64. Universal Mobile Telecommunication
System (UMTS)
• CDMA2000 & UMTS are the 3G standards approved by ITU.
• In these networks, coverage is provided by a combination of various cell sizes,
ranging from “in building” pico cells to global cells provided by satellites, giving
service to the remote regions of the world.
• Advantage: It gives significantly enhanced capacities to operators.
• UMTS systems are compatible with GSM networks. UMTS networks can easily
work with any existing GSM/GPRS network.
• Minimum data rate of 144kbps - rural outdoor access at a speed of 500kmph.
• Minimum data rate of 384kbps - suburban outdoor access at a speed of 120 kmph.
• Maximum data rate of 2Mbps - urban indoor use at a speed of 10kmph.

65. UMTS Services
• Higher Speech Quality: In addition to speech traffic, it supports advanced data and
information service - true multimedia network.
• Higher Data rate: The UMTS supports 2 Mbps data rate much higher than 2G.
• Virtual Home Environment (VHE): A user roaming from his network to other
UMTS network will not feel any discontinuity or service difference - giving the
feeling of being in the home network.
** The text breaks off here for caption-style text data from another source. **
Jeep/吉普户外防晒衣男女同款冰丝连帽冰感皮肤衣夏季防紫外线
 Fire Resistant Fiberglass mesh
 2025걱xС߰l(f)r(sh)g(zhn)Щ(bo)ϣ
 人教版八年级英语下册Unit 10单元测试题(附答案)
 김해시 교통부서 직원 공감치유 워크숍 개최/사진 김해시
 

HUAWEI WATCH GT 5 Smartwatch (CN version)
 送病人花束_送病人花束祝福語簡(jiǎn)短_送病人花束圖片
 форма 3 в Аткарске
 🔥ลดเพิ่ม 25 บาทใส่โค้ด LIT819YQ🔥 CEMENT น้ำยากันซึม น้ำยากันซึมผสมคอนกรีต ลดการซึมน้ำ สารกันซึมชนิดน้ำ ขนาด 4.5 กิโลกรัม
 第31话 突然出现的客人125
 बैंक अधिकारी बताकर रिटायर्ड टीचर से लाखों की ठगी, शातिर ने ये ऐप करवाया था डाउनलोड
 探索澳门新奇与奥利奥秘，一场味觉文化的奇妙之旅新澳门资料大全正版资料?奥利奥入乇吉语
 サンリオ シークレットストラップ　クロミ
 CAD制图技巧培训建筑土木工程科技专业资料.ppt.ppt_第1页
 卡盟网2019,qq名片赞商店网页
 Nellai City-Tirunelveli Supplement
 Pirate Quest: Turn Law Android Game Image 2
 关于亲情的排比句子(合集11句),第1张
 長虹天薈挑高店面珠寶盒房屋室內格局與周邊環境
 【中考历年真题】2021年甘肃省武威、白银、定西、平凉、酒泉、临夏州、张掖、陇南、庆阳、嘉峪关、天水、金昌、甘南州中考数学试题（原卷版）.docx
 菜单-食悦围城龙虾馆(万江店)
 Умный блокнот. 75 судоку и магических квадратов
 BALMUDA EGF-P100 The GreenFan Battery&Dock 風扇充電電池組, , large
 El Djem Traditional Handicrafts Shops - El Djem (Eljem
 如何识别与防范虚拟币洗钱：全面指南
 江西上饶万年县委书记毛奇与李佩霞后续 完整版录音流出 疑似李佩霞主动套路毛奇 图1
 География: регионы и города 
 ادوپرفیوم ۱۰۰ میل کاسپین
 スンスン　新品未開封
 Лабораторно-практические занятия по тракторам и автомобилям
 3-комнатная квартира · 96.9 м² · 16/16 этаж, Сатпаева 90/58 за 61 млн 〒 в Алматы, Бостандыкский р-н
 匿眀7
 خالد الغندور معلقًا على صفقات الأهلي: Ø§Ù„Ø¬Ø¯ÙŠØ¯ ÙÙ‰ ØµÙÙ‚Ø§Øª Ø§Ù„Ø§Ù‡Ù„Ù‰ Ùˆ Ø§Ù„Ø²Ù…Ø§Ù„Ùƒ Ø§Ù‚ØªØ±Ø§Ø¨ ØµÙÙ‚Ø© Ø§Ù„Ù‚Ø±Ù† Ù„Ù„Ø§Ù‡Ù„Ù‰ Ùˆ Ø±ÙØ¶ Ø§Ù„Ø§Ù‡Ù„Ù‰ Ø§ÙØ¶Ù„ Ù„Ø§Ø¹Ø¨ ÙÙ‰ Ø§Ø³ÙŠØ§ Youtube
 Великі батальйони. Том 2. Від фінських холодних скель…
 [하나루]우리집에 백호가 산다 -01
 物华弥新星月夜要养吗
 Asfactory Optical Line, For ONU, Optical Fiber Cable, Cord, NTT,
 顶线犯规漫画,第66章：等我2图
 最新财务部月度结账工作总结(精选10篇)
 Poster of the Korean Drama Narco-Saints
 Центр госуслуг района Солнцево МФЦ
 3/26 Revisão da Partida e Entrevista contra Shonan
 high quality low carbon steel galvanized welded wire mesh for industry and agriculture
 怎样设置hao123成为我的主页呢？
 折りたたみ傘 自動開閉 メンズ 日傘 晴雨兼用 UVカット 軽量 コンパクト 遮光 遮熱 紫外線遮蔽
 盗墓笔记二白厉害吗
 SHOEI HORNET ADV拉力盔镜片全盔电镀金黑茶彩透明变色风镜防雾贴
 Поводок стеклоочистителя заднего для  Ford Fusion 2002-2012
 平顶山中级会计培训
In 2G a user registered to a visitor location and
is also charged a roaming overheads.

66. UMTS Architecture
• UTRA Network (UTRAN)
– Handles cell level mobility.
– Comprises several radio network subsystems (RNS).
– Radio channel ciphering and deciphering.
– Handover control.
– Radio resource management.
• The UTRAN is connected to the User Equipment (UE) via the radio interface Uu
(which is comparable to the Um interface in GSM).
• UTRAN communicates with the Core Network (CN) via the Iu interface (which is
similar to the A interface in GSM).

67. UMTS Architecture
• The CN contains functions for
– Inter-system handover
– Gateways to other networks (fixed or wireless)
– Performs location management if there is no dedicated connection between UE
and UTRAN.
• UMTS further subdivides the above simplified architecture into so-called domains.

68. UMTS Architecture
• User Equipment Domain
– Assigned to a single user in order to access UMTS services.
– Universal Subscriber Identity Module (USIM)
• Contains the SIM for UMTS.
• Performs functions for encryption and authentication of users.
• Stores all the necessary user-related data for UMTS.
– Mobile Equipment Domain
• End Device.
• Performs radio transmission.
• User interface for establishing & maintaining end-to-end connections.

69. UMTS Architecture
• Infrastructure Domain
– Shared among all users.
– Offers UMTS services to all accepted users.
– Access Network Domain: Contains the radio access networks (RAN).
– Core Network Domain: Contains access network independent functions.
• Serving Network Domain: Comprises all functions currently used by the
user for accessing UMTS services.
• Home Network Domain: All functions related to the home network of a
user. (Eg: User data looks-up)
• Transit Network Domain: May be necessary if, for example, the serving
network cannot directly contact the home network.